Friday, 17 January 2020

Is Venus Active? (Volcanically)

Is Venus Active? (Volcanically)

Not much is known about Earth's nearest planetary neighbour, Venus. It has a reflective cloud cover,over a 96% CO2 atmosphere, which leads to surface temperatures of about 500oC. A few Russian missions to the planet survived long enough to determine that the surface rock was of basaltic composition.

The atmosphere is transparent to radar waves and it is found to be a flat place with few impact craters but many volcanic craters.

Volcanic ‘pancake’ domes on the surface of Venus, about 65 km wide and 1 km high, imaged by orbital radar carried by NASA’s Magellan Mission.

THIS ARTICLE describes an ingenious method of determining if Venus is currently (or recently) active volcanically. In laboratory experiments they determined what would happen to olivine in Venus's atmosphere. Fresh olivine emits more radiation than olivine tarnished in Venus's atmosphere.

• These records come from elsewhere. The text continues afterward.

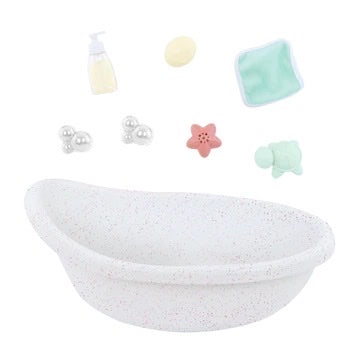 Lulla Baby bath tub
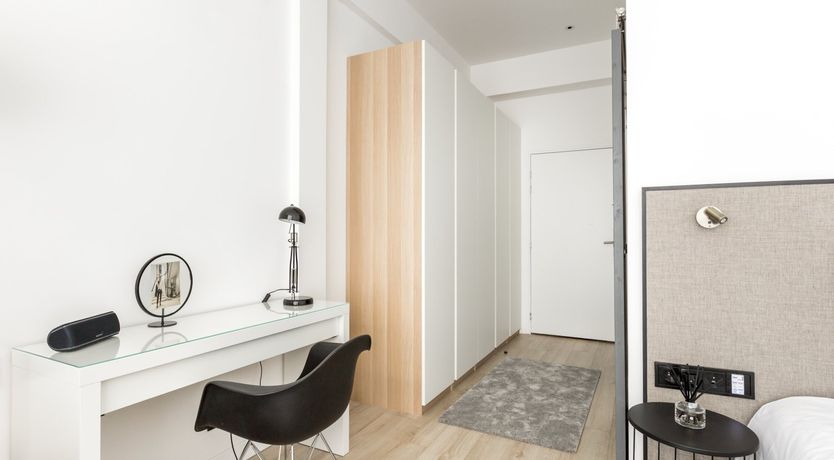 Photo of Parisian Nook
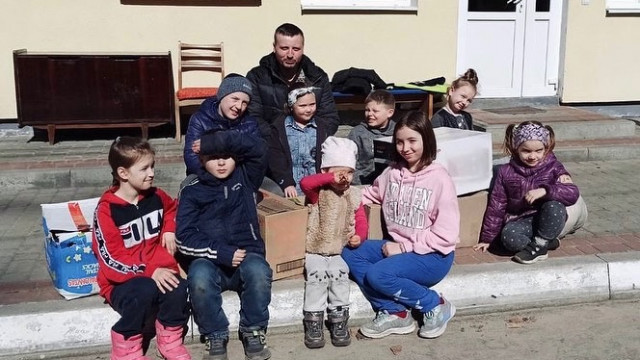 гуманитарная помощь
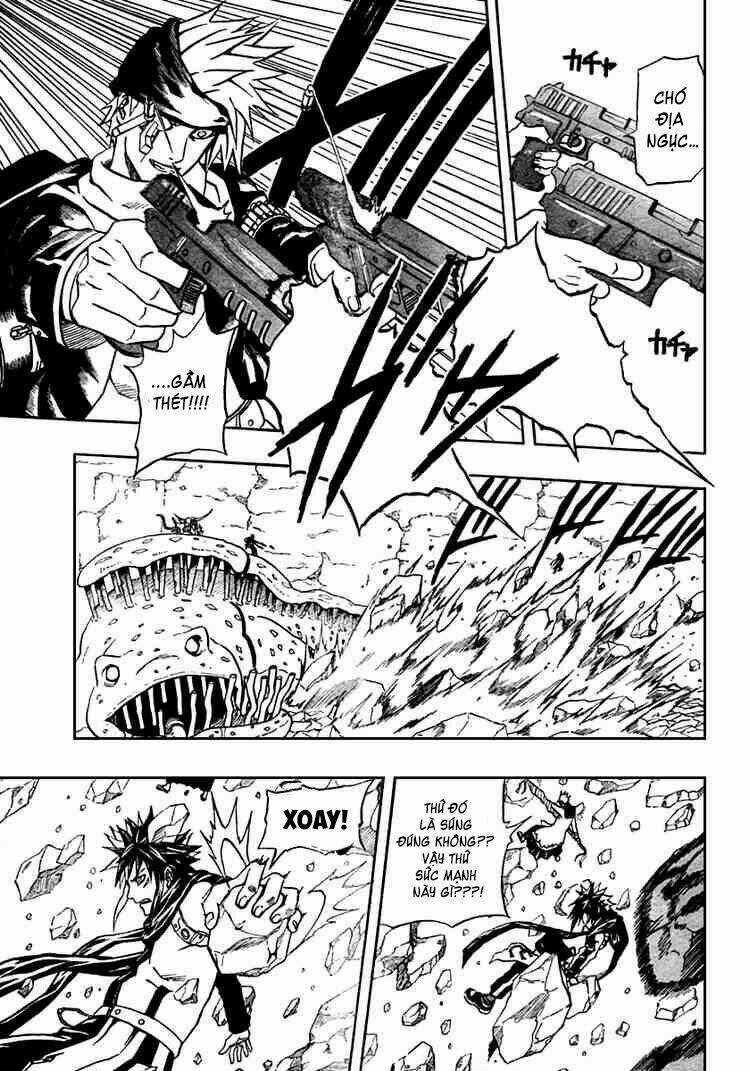 Cuộc Phiêu Lưu Của Quỷ Satan Chapter 71 trang 5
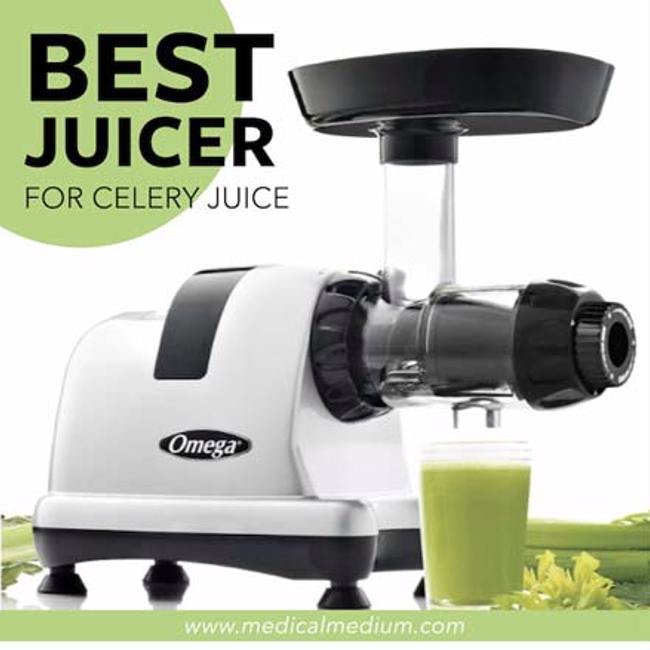 Best Juicer for Celery Juice 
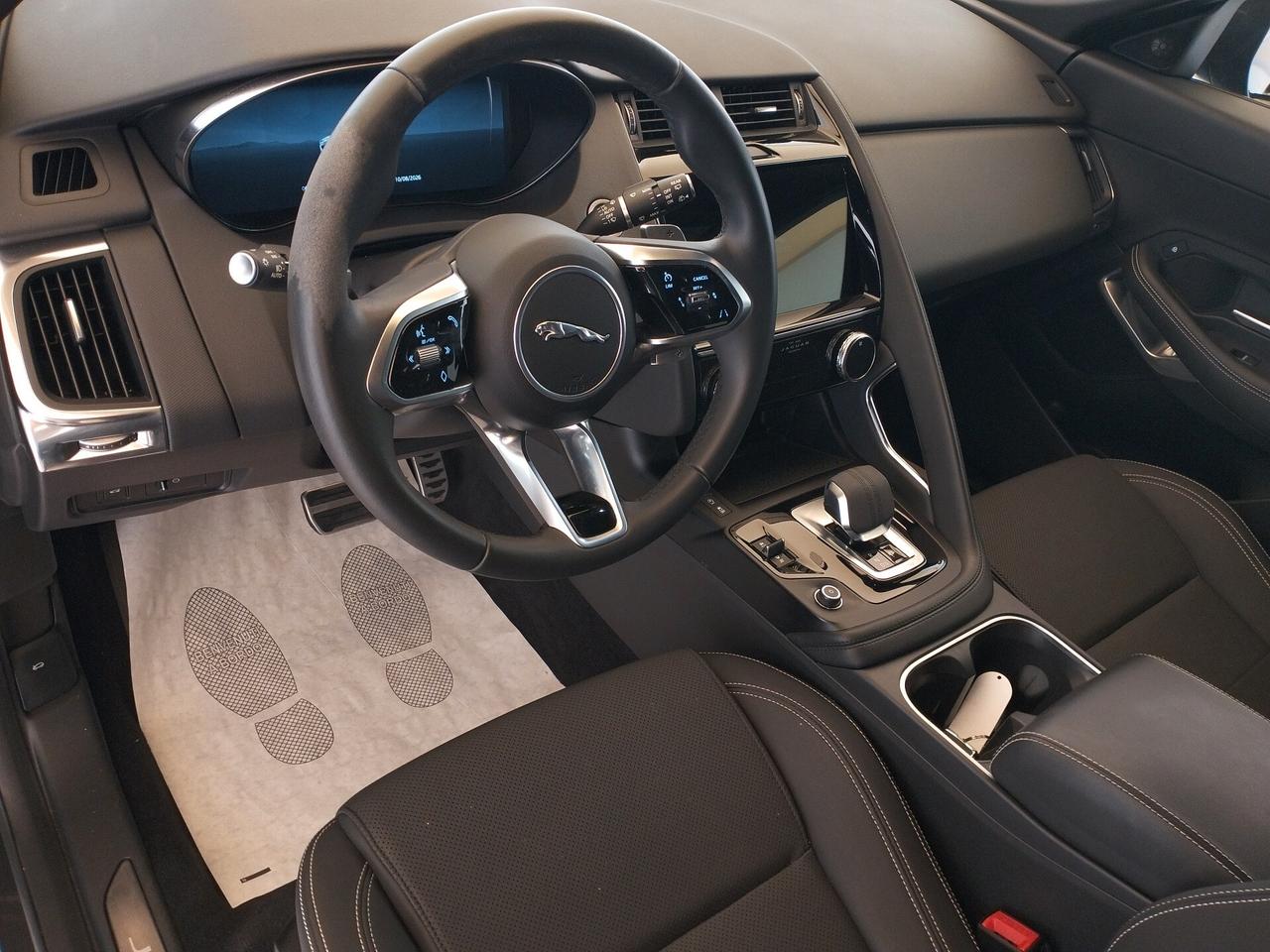 Jaguar E-Pace 2.0D I4 163 CV AWD Auto R-Dynamic SE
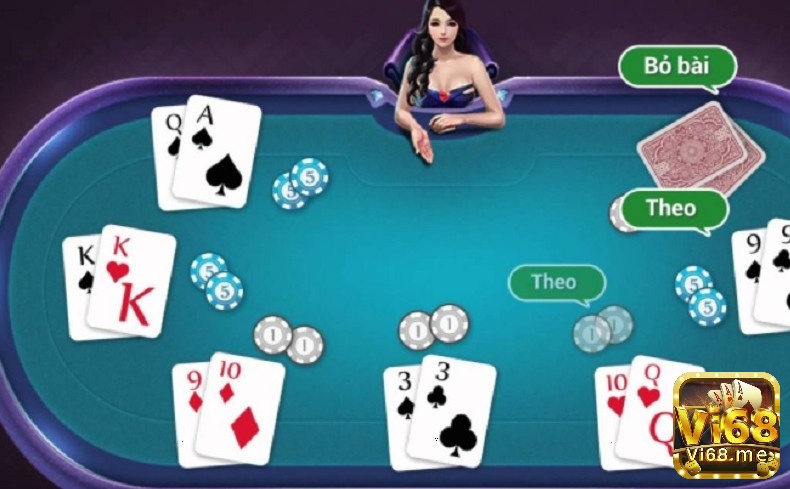 Tai game danh bai poker nhanh chóng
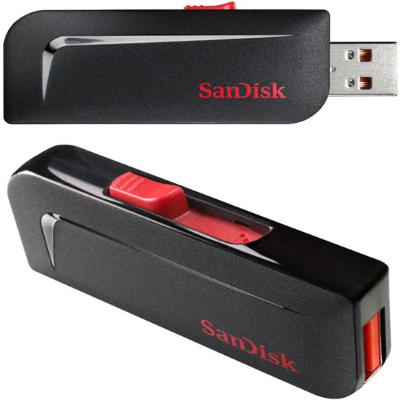  SanDisk Cruzer Slice 32 GB [SATILIK/TAKASLIK]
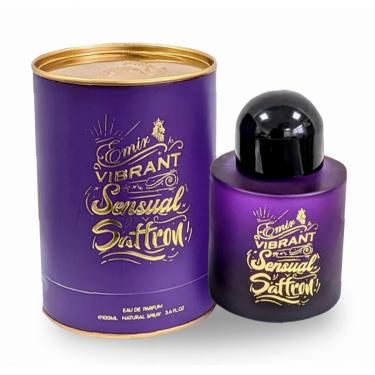 Emir Vibrant 100Ml Sensual Saffron   (Eau De Parfum) Moški  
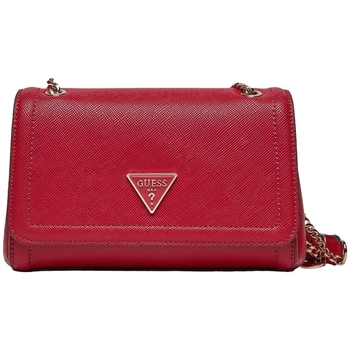 Tassen Dames Handtassen kort hengsel Guess HANDBAG Rood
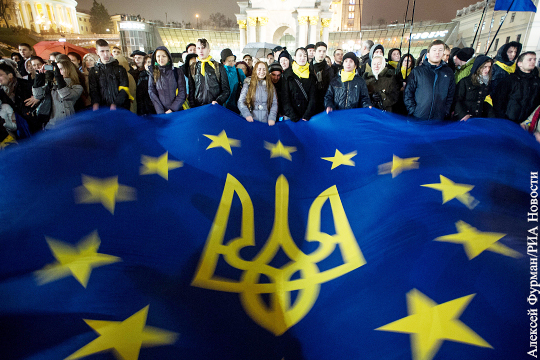 Глава ЕК: Украины не будет в ЕС в ближайшие 20-25 лет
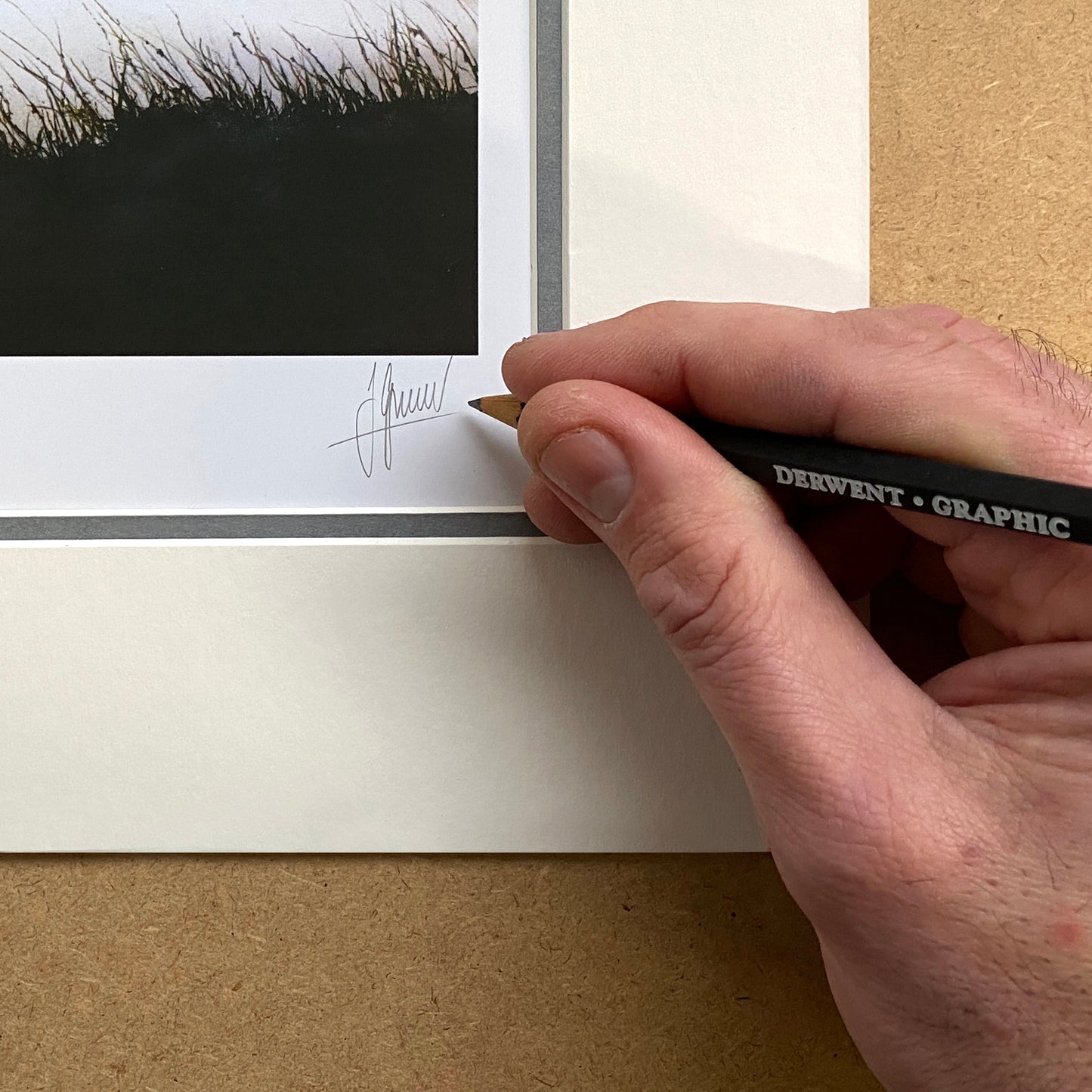 Misty Fen Limited Edition Print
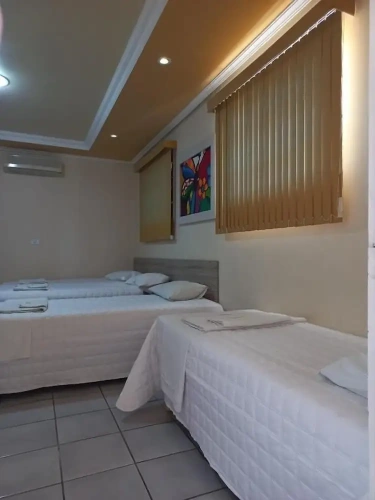 Superior Quadruple room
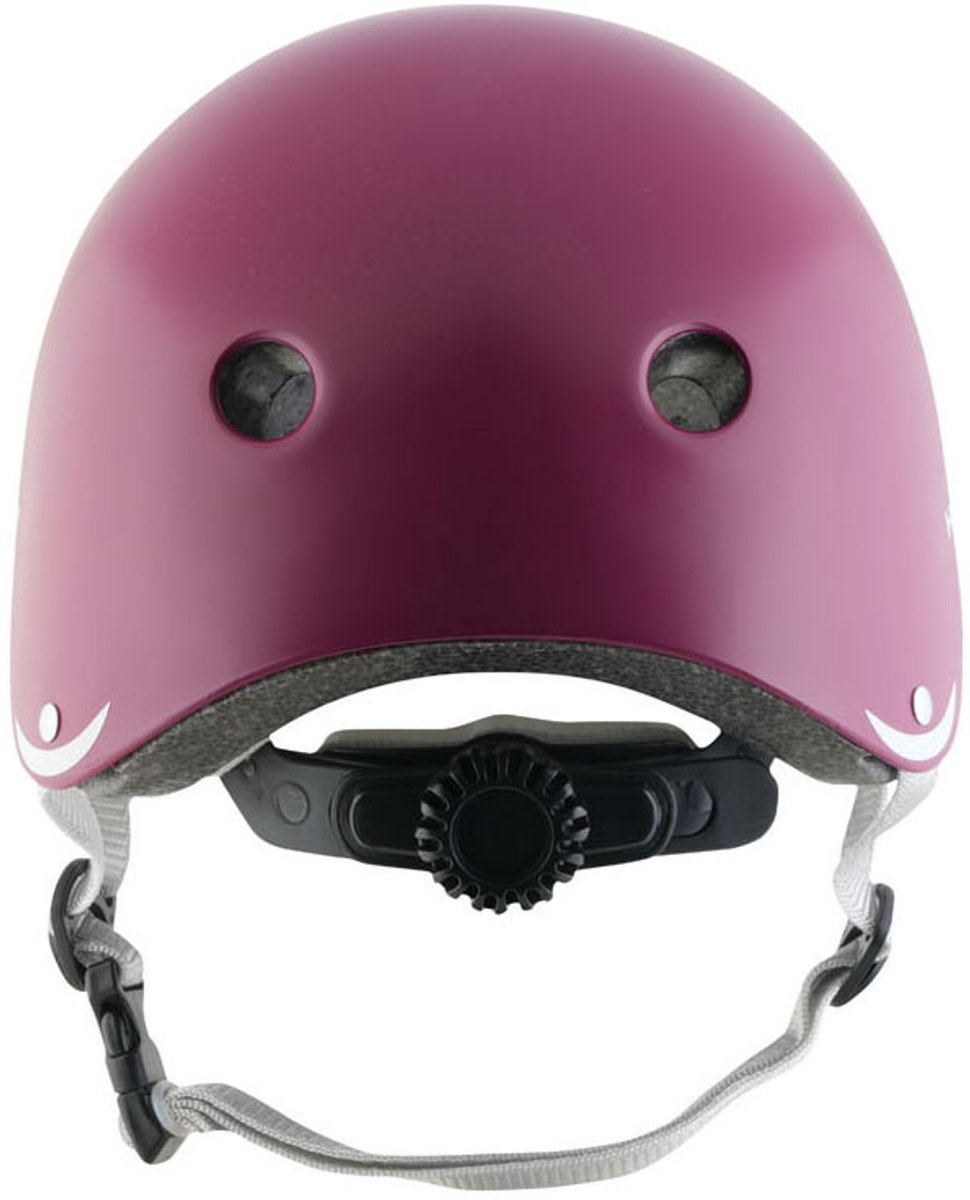 HUDORA Skate Helm - Berry S (51-55)
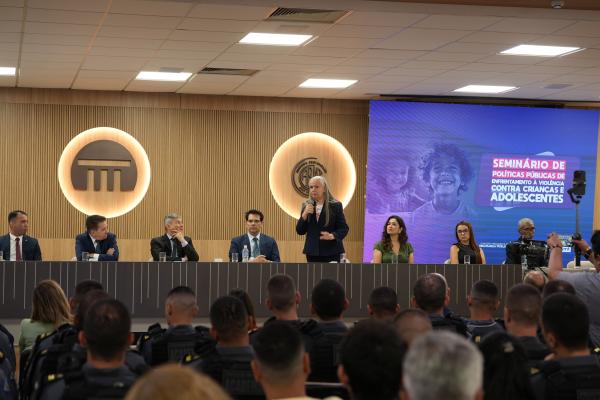 Autoridades destacam protagonismo do TCE-MT na articulação de políticas públicas de combate à violência
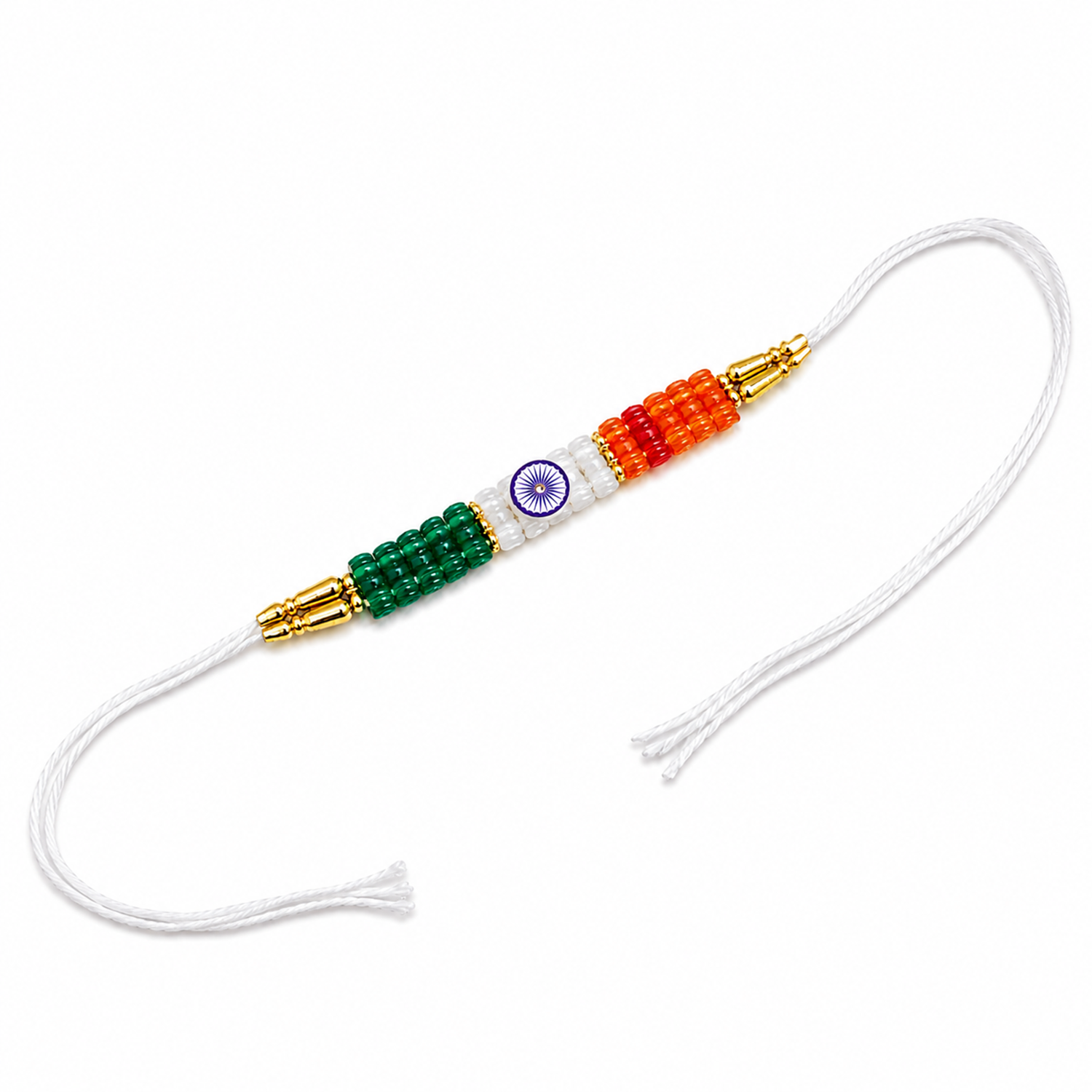 Indian Flag Rakhi for Brother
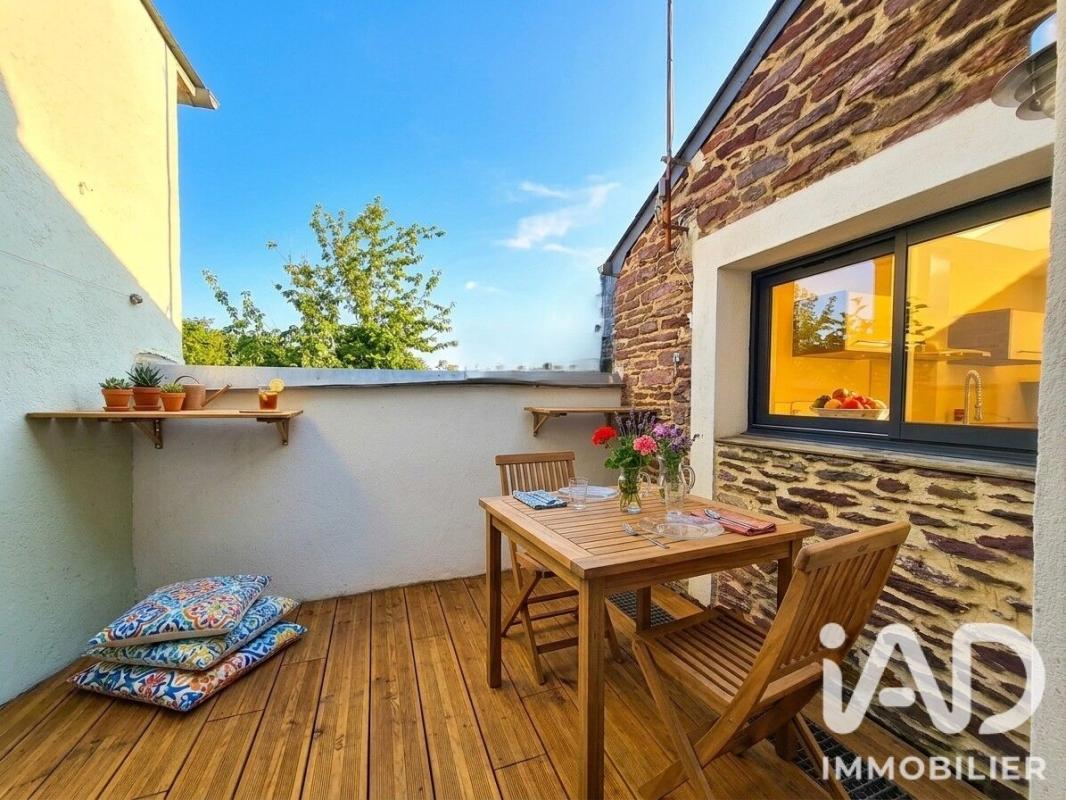 Maison 4 Pièce(s) Rennes - Photo 1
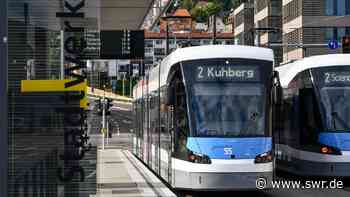 SWU Ulm und Neu-Ulm: Viele Fahrer krank - Busse und Bahnen fallen aus - SWR Aktuell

A carbon dioxide atmosphere does let some radiation through at a few spectral windows; windows in which olivine emits its radiation. Using this we can see "hot spots" which indicate fresh olivine - and given Venus's atmosphere, olivine does not stay fresh for long!

Colour-coded image of night-time thermal emissivity over Venus’s southern hemisphere as sensed by VIRTIS on Venus Express (Credit: M. Gilmore 2017, Space Sci. Rev. DOI 10.1007/s11214-017-0370-8; Fig. 3)

So, does Venus have active volcanoes - very possibly!